Barcelona

Philippe Thomas

This review is born of an error. It should not refer to the exhibition of the artist Philippe Thomas (1951–95), because artists make works, and it seems that Thomas never made any. This is not a simple paradox. And yet, looking around the galleries of MACBA, we saw a series of things on the walls and on the floor that we were tempted to call art. Once again we might have been mistaken.

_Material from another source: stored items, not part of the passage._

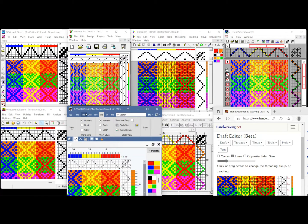This is an update to a video I did last year. What I'm going to do is take the same basic pattern I'd done earlier in defining the threading and threadling sequences and go through a series of programs, adding the same color scheme to the same pattern with each program.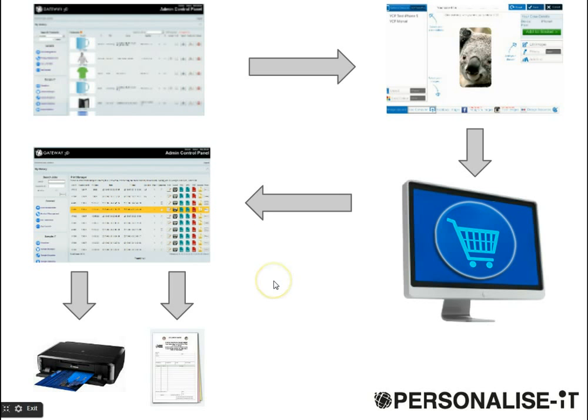That's basically how the Personalize It app from Gateway3D works and delivers a total out-of-the-box personalized solution for your website.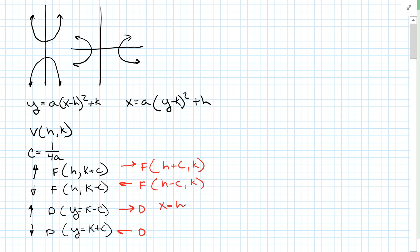If it's going to the left, the directrix is going to be x equals h plus c. That's everything we need to know about a parabola.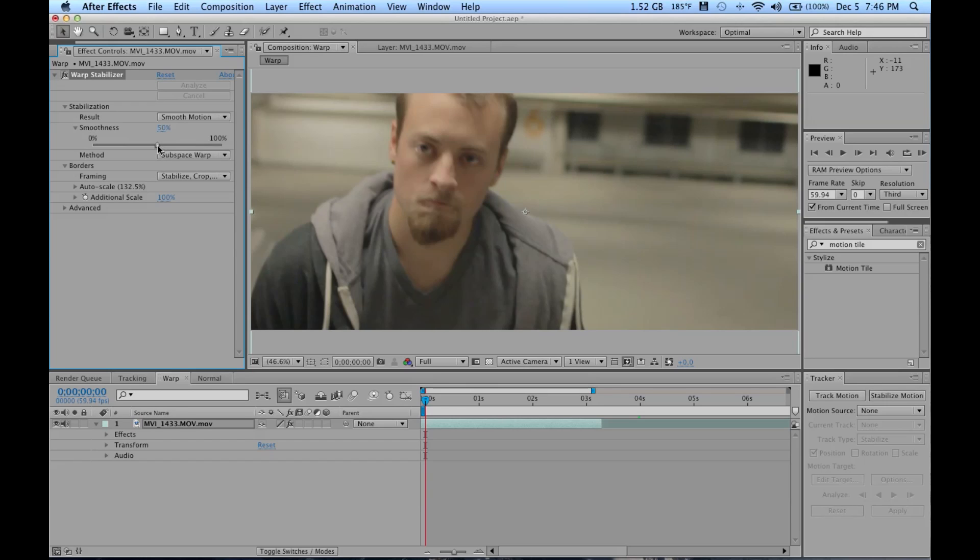The less, the less it actually stabilizes. Also, this Warp Stabilizer has an auto-crop-in feature, so it takes out any of your black edges automatically.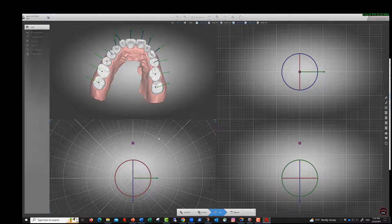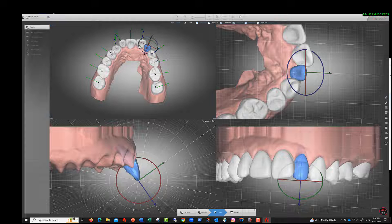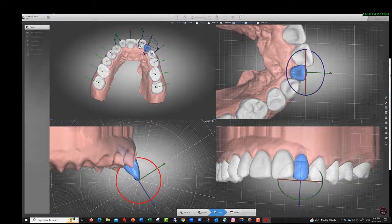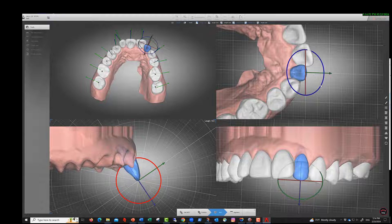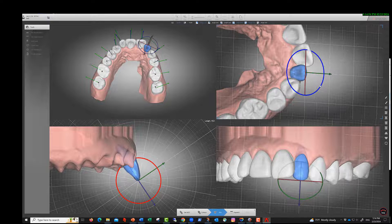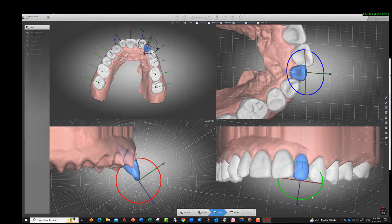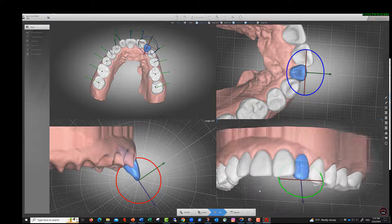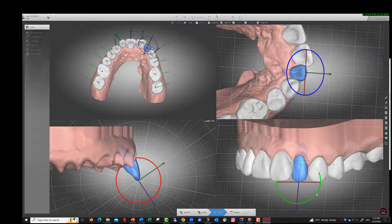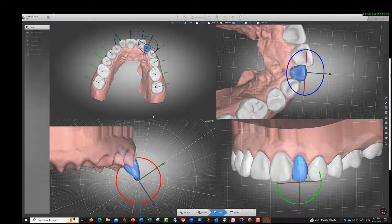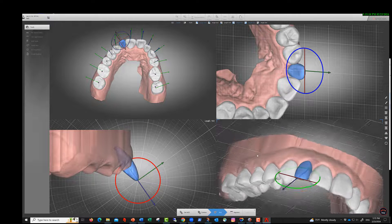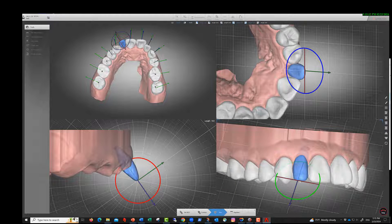Now do the axes. Select one tooth and check the inclination — that's Rule Number 3 of Andrews. Then rotation, Rule Number 5 of Andrews, and the tip, Rule Number 2 of Andrews. Be careful: when you move, the axes shift a little, so you may want to over-correct. I'm not going to do every single tooth, but you could.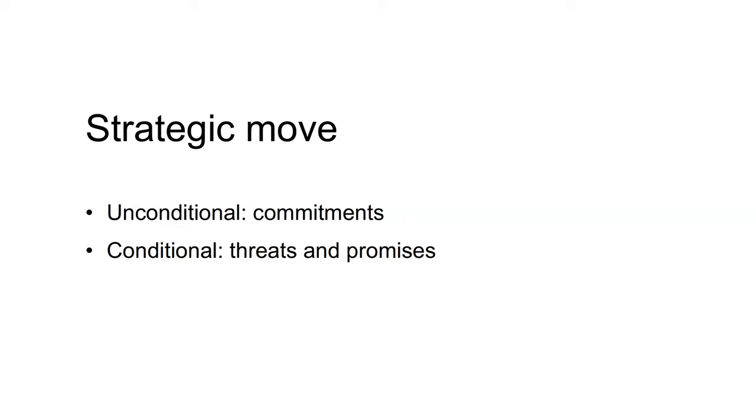Strategic moves come in two forms: unconditional strategic moves, which we call commitments, and conditional strategic moves, which we call threats and promises.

Thomas sought to erode the concept of authorship. In this sense, his work can be understood as a series of conceptual propositions that question the institutions belonging to the system of art. The sacralization of the signature within the history of the market is common knowledge; Thomas made its devaluation his artistic statement, an object of investigation. The space occupied by his work is less physical than discursive, although it occupies this space in a curious way. Thomas desires to encourage the spectator to be the reader and seems to affirm that the aesthetic of modernity cannot be only visual. It is this idea that takes priority—that in art we confront a collaborative project among various persons. Sujet à discrétion (Subject to discretion), 1985, for example, consists of three identical color photographs, each framed beneath glass, in which the same image of the sky and sea suggests three distinct meanings depending on who signs it. If it is an anonymous work, it might simply be a snapshot of the Mediterranean. If it is signed Philippe Thomas, one might consider it a translation of the interior emotions of the artist. If it is the owner who signs—Claire Burrus or Elisabeth Josipovici—the meaning changes yet again: Having appropriated the work, it is the collector herself who speaks through it.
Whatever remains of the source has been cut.